O tema nasce shakespeareano para ganhar pouco a pouco contornos nacionais. A longínqua Guerra, que acaba por definir o destino da família Berdinazzi, encontra, na segunda parte da trama, uma rima visual com o Movimento dos Sem-Terras, graças ao qual os primos perdidos se reencontram e se apaixonam. Para além do colorido pitoresco que se dá ao MST, cumpre assinalar a delicadeza com que o grupo é apreendido, tomada implícita de posicionamento do autor frente ao então recente episódio de Eldorado dos Carajás, que terminara com o assassinato de dezenas de militantes pela polícia truculenta do baixo Pará. 
Bandeiras auriverdes tremulam no assentamento do incansável Regino, enquanto o senador Caxias peleja pela causa do grupo, diante de um plenário vazio. Zé Ramalho serve de trilha à luta inglória de ambos: “Vocês que fazem parte dessa massa./ Que passa nos projetos do futuro/ É duro tanto ter que caminhar/ E dar muito mais do que receber.” Só eu acho que essas imagens e dizeres adquirem, nesses nossos atuais dias em que atitudes reacionárias ameaçam manchar as conquistas arduamente alcançadas pelo nosso Estado de Direito, um inusitado poder disruptivo? Ainda mais quando exibidos com tanto sucesso, pela principal emissora do país? 
Para além do tema e da forma, “O Rei do Gado” ainda concentra um dos elencos mais inspirados de todos os tempos. Antonio Fagundes como o velho Antonio Mezenga e o neto Bruno Berdinazzi Mezenga, Tarcísio Meira como Giuseppe Berdinazzi, Raul Cortez como Geremias Berdinazzi, Letícia Spiller, uma menina, como Giovanna Berdinazzi, Stênio Garcia como Zé do Araguaia, Jackson Antunes e Ana Beatriz Nogueira como Regino e a esposa Jacira. Sem, de modo algum, ser exaustiva. 
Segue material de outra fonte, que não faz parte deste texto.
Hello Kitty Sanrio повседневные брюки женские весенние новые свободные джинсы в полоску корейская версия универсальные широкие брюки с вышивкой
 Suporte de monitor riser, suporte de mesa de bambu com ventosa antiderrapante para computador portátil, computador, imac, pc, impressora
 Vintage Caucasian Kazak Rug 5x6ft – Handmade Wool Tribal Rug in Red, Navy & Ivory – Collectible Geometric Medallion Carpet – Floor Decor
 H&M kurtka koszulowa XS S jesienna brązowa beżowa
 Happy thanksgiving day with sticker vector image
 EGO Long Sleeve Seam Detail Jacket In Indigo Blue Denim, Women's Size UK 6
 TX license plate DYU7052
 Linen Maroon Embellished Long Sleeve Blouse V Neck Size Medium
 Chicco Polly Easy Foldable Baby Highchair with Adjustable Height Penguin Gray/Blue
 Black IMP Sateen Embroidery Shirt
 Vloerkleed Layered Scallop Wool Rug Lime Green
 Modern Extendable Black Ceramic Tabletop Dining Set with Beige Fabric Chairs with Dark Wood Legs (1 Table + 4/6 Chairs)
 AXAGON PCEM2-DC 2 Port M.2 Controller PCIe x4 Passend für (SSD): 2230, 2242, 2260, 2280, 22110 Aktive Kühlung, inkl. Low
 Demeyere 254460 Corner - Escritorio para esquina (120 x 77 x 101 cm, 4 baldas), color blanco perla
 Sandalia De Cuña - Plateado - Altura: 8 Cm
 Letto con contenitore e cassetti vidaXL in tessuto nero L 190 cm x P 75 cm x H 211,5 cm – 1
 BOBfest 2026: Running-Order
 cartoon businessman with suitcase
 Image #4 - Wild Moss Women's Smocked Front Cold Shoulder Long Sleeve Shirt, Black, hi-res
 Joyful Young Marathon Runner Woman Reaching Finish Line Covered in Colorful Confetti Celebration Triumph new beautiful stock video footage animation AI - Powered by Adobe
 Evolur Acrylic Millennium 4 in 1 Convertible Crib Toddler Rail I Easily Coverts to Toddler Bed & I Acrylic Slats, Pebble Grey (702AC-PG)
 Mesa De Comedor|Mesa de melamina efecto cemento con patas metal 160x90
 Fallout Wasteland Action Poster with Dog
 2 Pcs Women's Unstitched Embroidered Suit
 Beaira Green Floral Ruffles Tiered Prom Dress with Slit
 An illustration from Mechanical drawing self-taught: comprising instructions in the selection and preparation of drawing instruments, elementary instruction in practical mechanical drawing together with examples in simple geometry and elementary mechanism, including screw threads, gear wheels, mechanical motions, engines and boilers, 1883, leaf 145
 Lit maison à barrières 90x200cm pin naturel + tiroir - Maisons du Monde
Como esquecer os olhos de Eva Wilma (Marieta Berdinazzi) diante dos sofrimentos dos filhos? Ou de Raul Cortez, diante da tão repetida canção italiana, sobre os pracinhas mortos em combate? Ou da ombridade que Carlos Vereza imprime em seu senador Caxias? Ou do tour de force de Patrícia Pillar para criar a sua Luana – a maior distância entre pessoa e personagem que já se viu na TV brasileira: mulher a que os reveses da vida fez retraída, ressabiada, mas que ocasionalmente se expande em discursos que primam pela singeleza da linguagem e pelo lancinante do conteúdo (sua narrativa da colheita das "cerejas do café", por exemplo)?
Exibida por ocasião do aniversário de 50 anos da Rede Globo, "O Rei do Gado" sustenta-se como o que de melhor a emissora exibiu este ano. Que a novela esteja prestes a completar seu vigésimo aniversário é, no mínimo, irônico. Esperemos que o seu sucesso sirva de injeção de criatividade aos criadores da emissora.